## TASK DETAILS
Starting with the line that has "Hyde Wingman Inflatable Life Jacket - Red" and finishing with the line that has "Optimus Prime Transformers", set down each line below exactly. Pictures are not copied.

## EXERCISE MATERIALS
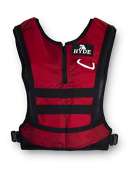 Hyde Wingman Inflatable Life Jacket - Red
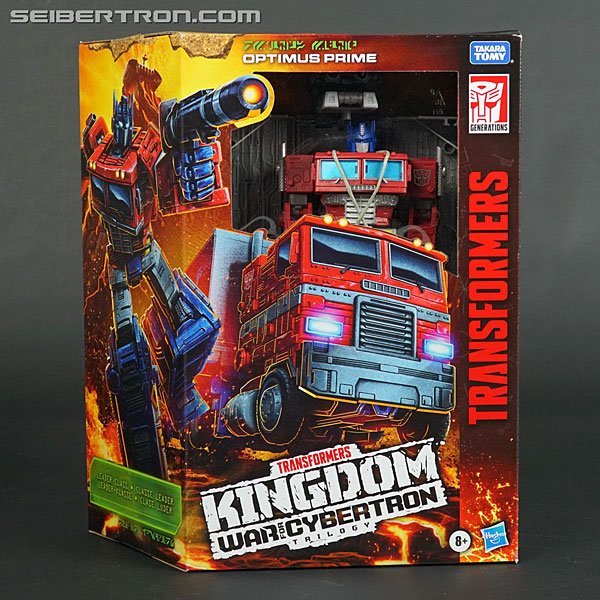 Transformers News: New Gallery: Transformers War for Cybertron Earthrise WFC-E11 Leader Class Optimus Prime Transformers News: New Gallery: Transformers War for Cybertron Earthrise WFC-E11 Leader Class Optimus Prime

--

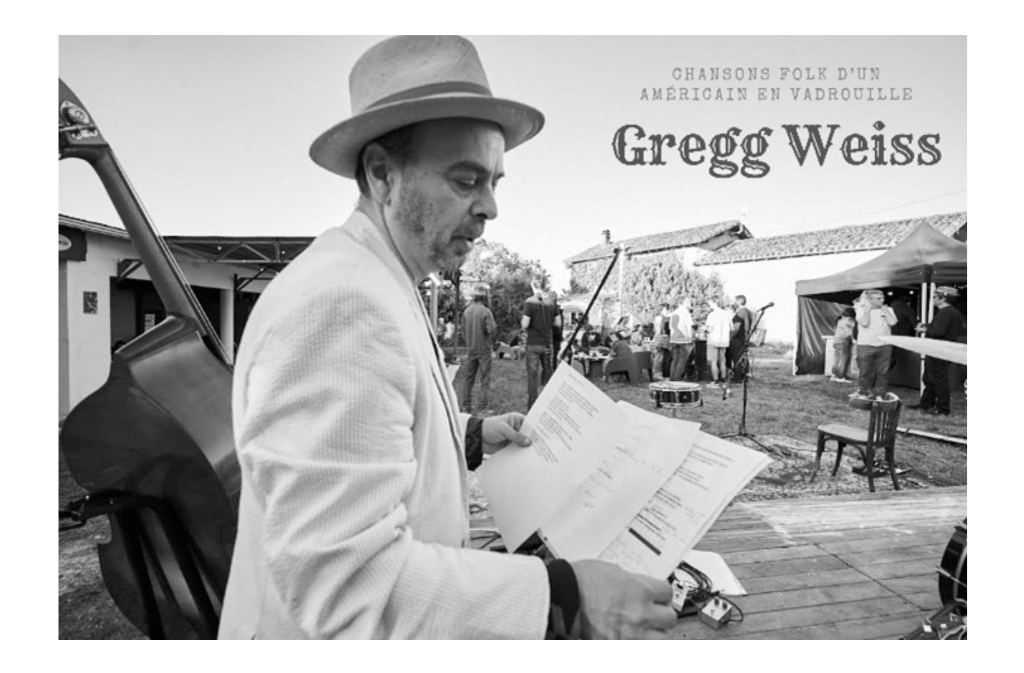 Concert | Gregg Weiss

## REPLY
 Hyde Wingman Inflatable Life Jacket - Red
 Transformers News: New Gallery: Transformers War for Cybertron Earthrise WFC-E11 Leader Class Optimus Prime Transformers News: New Gallery: Transformers War for Cybertron Earthrise WFC-E11 Leader Class Optimus Prime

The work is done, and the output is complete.